Anche Andrea Camilleri scrisse al Duce, lo racconta nel film di Martella. Da bambino molto ardimentoso chiese al Capo supremo di mandarlo a combattere in Africa, per dare così il suo contributo alle sorti dell’Impero. Il Duce rispose di attendere, che era ancora piccino, ma che al momento opportuno sarebbe stato chiamato.

Scrivevano donne innamorate, ansiose di conoscerlo e talvolta di concedersi a Lui. Scriveva gente comune per congratularsi per l’approvazione delle leggi razziali contro gli ebrei. Scrivevano fascisti perché c’erano altri fascisti che avevano fatto più carriera di loro.

Scrissero in tanti quando il Duce perse il figlio Bruno, per solidarietà, quasi ci fosse vicinanza fisica e rapporto familiare; quasi il Duce fosse per loro uno di casa. Scrisse una madre per dire che bisognava che ogni donna si privasse dell’oro per donarlo alla Patria e contribuire allo sforzo bellico, al pari degli uomini; e pare che proprio da questa lettera il Duce ebbe l’idea dell’offerta, pubblica e di massa, delle fedi matrimoniali alla Patria.

Scrivevamo donne che volevano andare al fronte a combattere. In tanti incitavamo alla guerra con parole di fuoco. C’era chi scriveva del duce come fosse un Dio, e come tale lo pregava. Nel tramonto già avviato del fascismo arrivarono anche lettere di critica e talvolta piena di invettive.

Con le lettere degli italiani al Duce Massimo Martella ci conduce proprio laddove si scopre la vischiosa mostruosità del Potere. Certo, i Capi fanno la loro parte, ma talvolta l’individuo è ancor più “mostruoso” del Potere, perché ne assume con “fede” formule e propaganda, nel nome e per conto di un “noi”, la cui natura retriva, nazionalista (o altro) giustifica ogni cosa, ogni incitamento, ovviamente acritico, ogni nefandezza. “Il vero boia è la massa”, scriveva Elias Canetti.

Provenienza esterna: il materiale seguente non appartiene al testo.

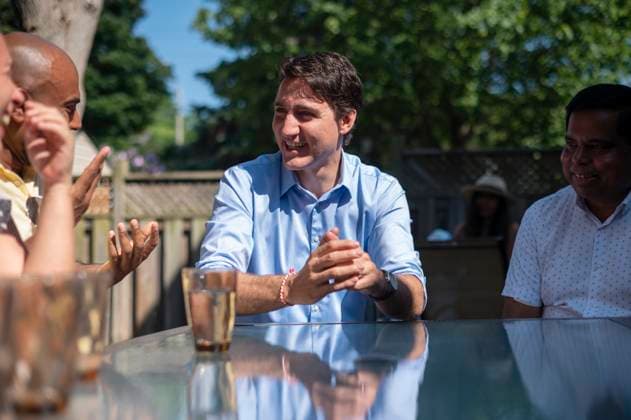 July 22, 2023, Scarborough, ONT, CANADA: Prime Minster Justin Trudeau speaks with a family in Scarborough, Ont., to commemorate the 40th anniversary of Black July on Saturday, July 22, 2023. Scarborough CANADA  - ZUMAc35_ 20230722_zaf_c35_016 Copyright: xTijanaxMartinx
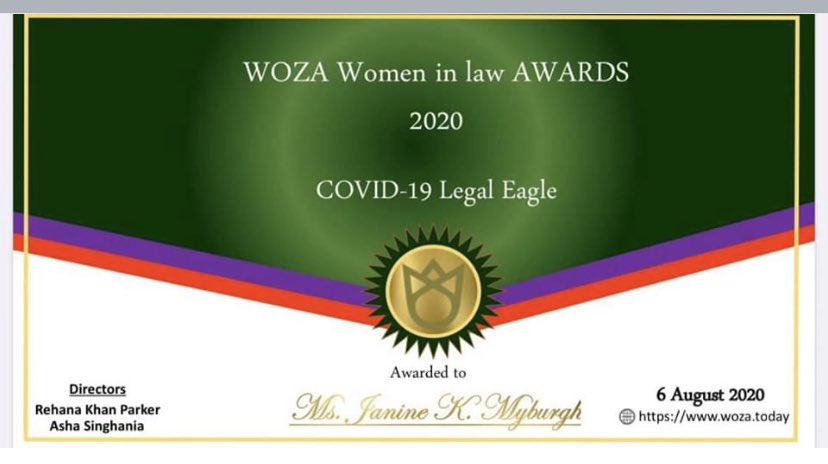 myburgh_janine's tweet photo. I am exceptionally proud to have been awarded the Covid 19 Legal Eagle Award🙏🏻#Myburgh Attorneys https://t.co/EPTijDJxuq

L’osservazione dell’infatuazione, quella sorta di “religione” che è l’adorazione del Capo, che abbiamo visto essere vigente in molte parti del mondo e in varie epoche, qui però con Mussolini, nella variante specificamente italiana, ci consente di guardarci dentro con un poco di preoccupazione: l’ “innocua” “gente comune” può divenire “massa”, manovrabile, fanatica, ed anche carnefice. E questo dittatori, aspiranti tali ed i loro spin doctors lo sanno bene.